En Cataluña, pese a la pujanza de su industria editorial, el libro más importante, el libro de cabecera, sigue siendo el Libro de Familia

Hace cuarenta y ocho horas que se celebró en Barcelona el día de San Jorge. Las calles se inundaron de libros y rosas, desplazando a los coches por el centro de la ciudad: un sueño húmedo para Ada Colau. Ese sueño –por mucho que lo quiera capitalizar la alcaldesa– lo que sucede es que es muy anterior a ella. Es un viejo anhelo de la ciudad que se quiso culta, pero cabe preguntarse si es verdaderamente realizable más allá de un día al año.

Para la gran parte de catalanes inmunes a la cosmovisión separatista y folclórica, Sant Jordi es la verdadera Diada de Cataluña. Se constató una vez más su conspicua importancia incontestable por el hecho de que, al hallarnos en plena campaña electoral, todos los políticos desembarcaron de una manera casi obscena en los actos y eventos que orbitan en torno a la fecha. Los escritores foráneos, que vienen a maravillarse de una urbe rendida a los paseantes y a los libros, se mezclaron con los políticos locales hasta altas horas de la noche en una diversidad de encuentros tanto callejeros como nocturnos. Pero en todos esos encuentros se constató un hecho innegable: no se mezclaban. Eran como el agua y el aceite.
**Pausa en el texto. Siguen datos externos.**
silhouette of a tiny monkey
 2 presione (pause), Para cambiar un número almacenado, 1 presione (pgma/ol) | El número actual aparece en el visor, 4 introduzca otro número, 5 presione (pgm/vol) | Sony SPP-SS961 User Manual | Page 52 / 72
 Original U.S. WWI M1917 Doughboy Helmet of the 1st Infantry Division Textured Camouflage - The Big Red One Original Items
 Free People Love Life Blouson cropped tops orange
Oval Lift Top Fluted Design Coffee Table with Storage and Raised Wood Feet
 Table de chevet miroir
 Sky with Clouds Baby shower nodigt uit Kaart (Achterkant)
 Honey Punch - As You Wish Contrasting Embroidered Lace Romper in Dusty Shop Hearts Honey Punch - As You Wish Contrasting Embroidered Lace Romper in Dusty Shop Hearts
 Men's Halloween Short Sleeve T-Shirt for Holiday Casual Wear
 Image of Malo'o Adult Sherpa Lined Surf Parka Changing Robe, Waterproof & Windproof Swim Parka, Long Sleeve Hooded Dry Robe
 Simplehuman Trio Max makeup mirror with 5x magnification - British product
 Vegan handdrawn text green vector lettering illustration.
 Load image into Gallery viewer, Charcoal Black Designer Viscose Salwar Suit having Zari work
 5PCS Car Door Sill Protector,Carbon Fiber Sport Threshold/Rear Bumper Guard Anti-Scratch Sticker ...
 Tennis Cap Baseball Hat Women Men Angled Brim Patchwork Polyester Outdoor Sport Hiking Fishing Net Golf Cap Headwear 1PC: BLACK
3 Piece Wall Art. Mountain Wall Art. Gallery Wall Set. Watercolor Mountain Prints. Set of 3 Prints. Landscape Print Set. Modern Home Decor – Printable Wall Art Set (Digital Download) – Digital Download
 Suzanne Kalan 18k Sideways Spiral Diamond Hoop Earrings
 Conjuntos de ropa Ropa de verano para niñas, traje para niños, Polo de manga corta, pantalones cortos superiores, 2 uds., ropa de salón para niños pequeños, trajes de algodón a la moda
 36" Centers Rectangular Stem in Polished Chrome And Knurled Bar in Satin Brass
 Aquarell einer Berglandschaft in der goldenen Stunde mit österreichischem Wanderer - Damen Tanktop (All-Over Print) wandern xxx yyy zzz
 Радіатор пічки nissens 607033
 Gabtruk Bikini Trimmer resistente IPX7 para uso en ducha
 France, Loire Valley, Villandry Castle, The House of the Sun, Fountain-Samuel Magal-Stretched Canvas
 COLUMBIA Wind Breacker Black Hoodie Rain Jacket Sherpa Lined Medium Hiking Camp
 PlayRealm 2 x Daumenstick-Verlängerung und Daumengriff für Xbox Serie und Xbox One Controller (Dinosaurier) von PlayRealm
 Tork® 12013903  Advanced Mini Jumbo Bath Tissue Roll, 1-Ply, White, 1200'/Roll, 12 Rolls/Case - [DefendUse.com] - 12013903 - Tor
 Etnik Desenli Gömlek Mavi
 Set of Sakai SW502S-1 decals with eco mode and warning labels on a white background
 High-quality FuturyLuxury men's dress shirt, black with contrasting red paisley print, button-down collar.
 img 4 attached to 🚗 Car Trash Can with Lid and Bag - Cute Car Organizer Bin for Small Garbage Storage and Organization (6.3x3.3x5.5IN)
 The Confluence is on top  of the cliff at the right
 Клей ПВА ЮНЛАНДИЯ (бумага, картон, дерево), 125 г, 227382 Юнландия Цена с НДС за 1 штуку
Sabe el cielo que lo que más me gustaría es vivir en un país liderado por los libros, que el contenido de esos libros se contagiara por capilaridad inevitable hasta las instituciones. Incluso la salud del gremio editorial me parece fundamental para salvar a mi terruño del sectarismo, del primitivismo dogmático. Pero, por ahora, hay que reconocer que, en Cataluña, pese a la pujanza de su industria editorial, el libro más importante, el libro de cabecera, sigue siendo el Libro de Familia. Cada familia, artistas o gestores, posee sus códigos, su pelaje, sus complicidades y reconocimientos. Y continúan mirándose de lejos, por mucho que coincidan en el puesto callejero o en la barra del bar.